Source code for nzpyida.analytics.predictive.association_rules

#!/usr/bin/env python3
# -*- coding: utf-8 -*-
#-----------------------------------------------------------------------------
# Copyright (c) 2023, IBM Corp.
# All rights reserved.
#
# Distributed under the terms of the BSD Simplified License.
#
# The full license is in the LICENSE file, distributed with this software.
#-----------------------------------------------------------------------------
"""
Association rules mining is a popular method for discovering interesting 
and useful patterns in a large scale transaction database. The database 
contains transactions which consist of a set of items and a transaction 
identifier (e.g., a market basket).

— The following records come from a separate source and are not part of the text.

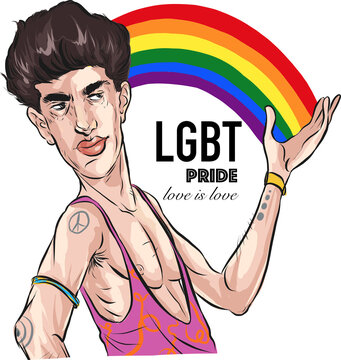 Man Gay Lgbt  Icon, Cartoon Style Vector Illustration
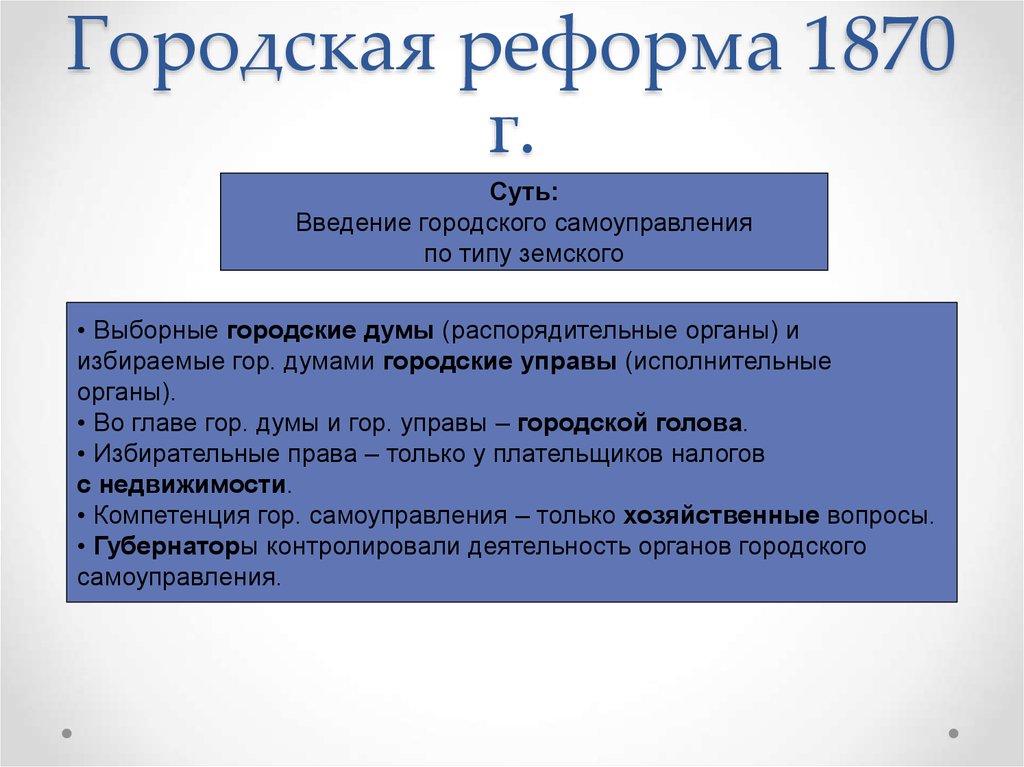 Суть реформы земского и городского самоуправления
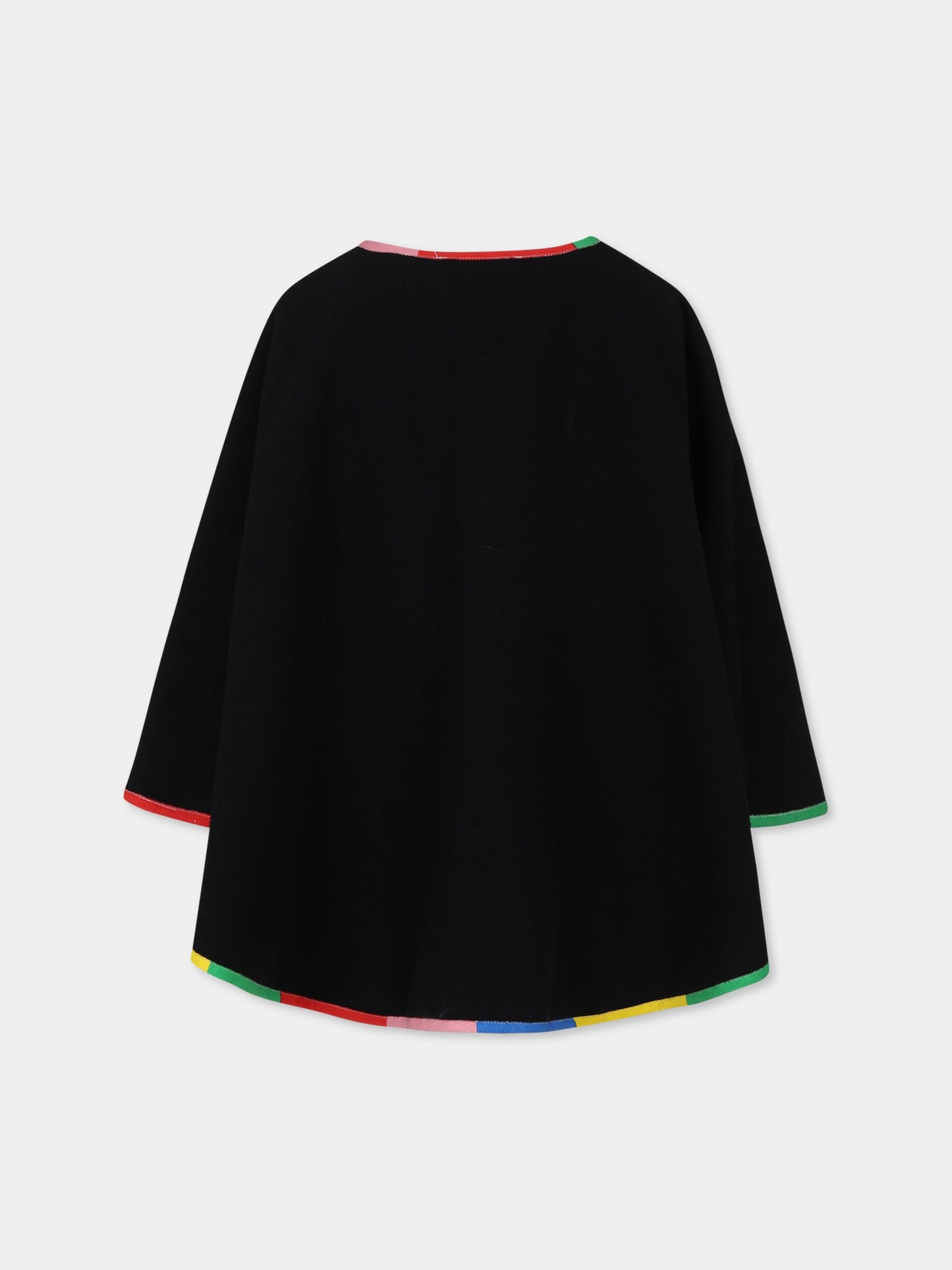 Cape noire pour fille avec pompons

Association rules are implications 
of the form X -> Y where X and Y are two disjoint subsets of all available 
items. X is called the antecedent or LHS (left hand side) and Y is called 
the consequent or RHS (right hand side). Discovered association rules have 
to satisfy user-defined constraints on measures of significance and interest.

The Apriori algorithm organizes the search for frequent itemsets by systematically 
considering itemsets of increasing size in consecutive iterations. Due to its method 
of calculation, the number of candidates identified by the Apriori algorithm may 
be overwhelming for extremely large data sets or a low support threshold. Because 
of this limitation, the FP-growth algorithm is provided in the IBM Netezza In-Database 
Analytics package instead.

The FP-growth algorithm avoids candidate generation as well as multiple passes through 
the data by creating a data structure called a frequent pattern tree, or FP-tree. 
This tree is a compact representation of the data set contents sufficient for finding 
frequent itemsets. Nodes of the tree represent single items and store their occurrence 
counts. Only items with sufficiently high support, frequent item-sets of size 1, are 
represented. Branches, called node-links, in the FP-tree connect nodes that represent 
items co-occurring for some instances in the data set. There is also a frequent item 
header table that points to nodes corresponding to particular items.

The tree is built by identifying all frequent items and their counts, then consecutively 
“inserting” each transaction to the tree. This requires exactly two scans of the 
data set, regardless of its size or support threshold level. The FP-tree is used to 
identity frequent itemsets using a frequent pattern growth process, which traverses 
the tree by following node-links in an appropriate way.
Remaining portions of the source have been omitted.